Ela murmurou, banhando-me todo na
negra doçura do seu olhar: ora! O cavalheiro, se apanhasse o bago, não se
importava mais comigo! Ajoelhei sobre a esteira, trémulo, esmagando o peito
contra os seus joelhos, ofertando-me como uma rês; ela abriu o seu xaile;
aceitou-me misericordiosamente. Agora, à noitinha (enquanto Eleutério, no clube
da Rua Nova-do-Carmo, jogava a manilha), eu tinha ali na alcova da Adélia a
radiante festa da minha vida. Levara para lá um par de chinelas, era o eleito
do seu seio. às nove e meia, despenteada, envolta à pressa num roupão de flanela,
com os pés nus, acompanhava-me pela escadinha de trás, colhendo em cada degrau,
nos meus lábios, um beijo lento e saudoso. Adeus, Delinha! Agasalha-te,
riquinho!
E eu recolhia devagar ao Campo de
Santana, ruminando o meu gozo! O Verão passou, languidamente. Os primeiros
ventos de Outono levaram as andorinhas e as folhagens do Campo de Santana; e
logo nesse Outubro, de repente, a minha vida se tomou mais fácil, mais larga. A
Titi mandara-me fazer uma casaca; e eu estreei-a, com permissão dela, indo ouvir
a São Carlos o Poliuto, ópera que o Doutor Margaride recomendara, como repassada
de sentimentos religiosos e cheia de elevada lição. Fui com de, de luvas
brancas, frisado. Depois, no outro dia, ao almoço, contei à Titi o devoto
enredo, os ídolos derrubados, os cânticos, as fidalgas que estavam nos
camarotes, e de que lindo veludo vestia a rainha.
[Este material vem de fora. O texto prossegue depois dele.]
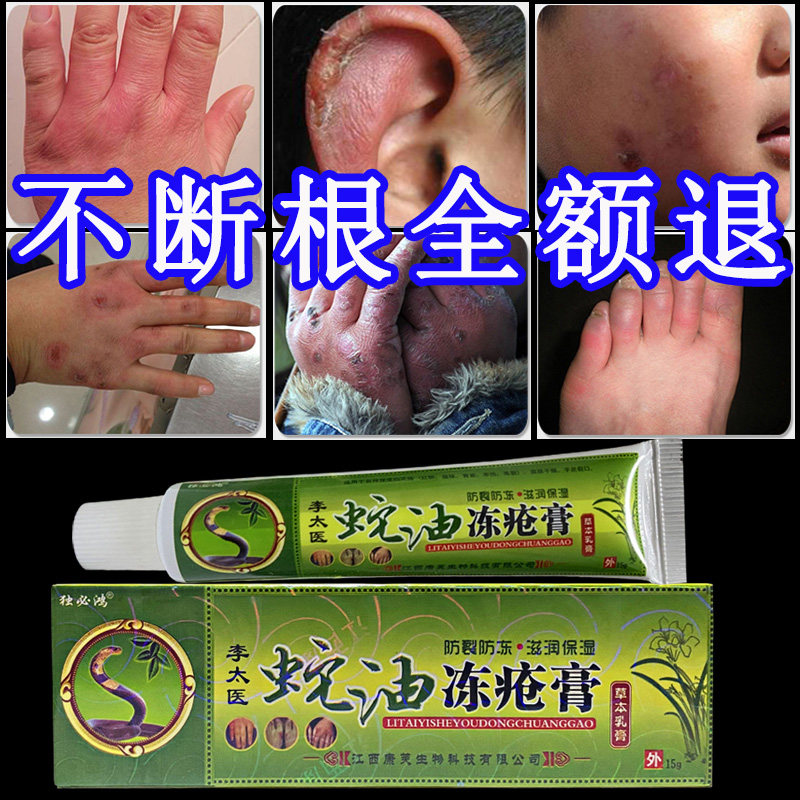 Lee Too Doctor Snake Oil Freeze Sore Cream Frostbite Cream Antifreeze Root Special Effects Children Hand Face Ears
E sabe quem me veio falar, Titi?
O barão de Alconchel, o ricaço, tio daquele rapaz que foi meu condiscípulo.
Veio apertar-me a mão; esteve um bocado comigo no salão... Tratou-me com muita
consideração. A Titi gostou desta consideração. Depois, tristemente, como um
moralista magoado, queixei-me do nédio decote de uma senhora imodesta, nua nos
braços, nua no peito, mostrando toda essa carne, esplêndida e irreligiosa, que
é a desolação do justo e a angústia da Igreja. Jesus, Senhor, que vexame!
Acredite a Titi, estava com nojo! A Titi gostou deste nojo. E passados dias,
depois do café, quando eu me dirigia, ainda de chinelas, ao oratório, a fazer
uma curta petição às chagas do nosso Cristo de ouro, a Titi, já de braços
cruzados e sonolenta, disse-me dentre a sombra do lenço: está bom, se queres,
volta hoje a São Carlos... E lá quando te apetecer, não te acanhes, tens
licença, podes ir gozar um bocado de música... Agora que estás um homem, e que
parece que tens propósito, não me importa que fiques fora, até às onze ou onze
e meia... Em todo o caso a essa hora quero estar já de porta fechada, e tudo
pronto, para começarmos o terço.
Ela
não viu o triunfante lampejar dos meus olhos. Eu murmurei, requebrado, a
babar-me de gosto devoto: lá o terço, Titi, lá o meu querido terço não perdia
eu, nem pelo maior divertimento... Nem que El-Rei me convidasse para um
chazinho no paço!» In Eça de Queirós, A Relíquia, 1887, Typographia de A. J. da Silva
Teixeira, Porto, 1887, Editora Livros do Brasil, Obras de Eça de Queirós, 2011,
ISBN 978-989-711-008-5.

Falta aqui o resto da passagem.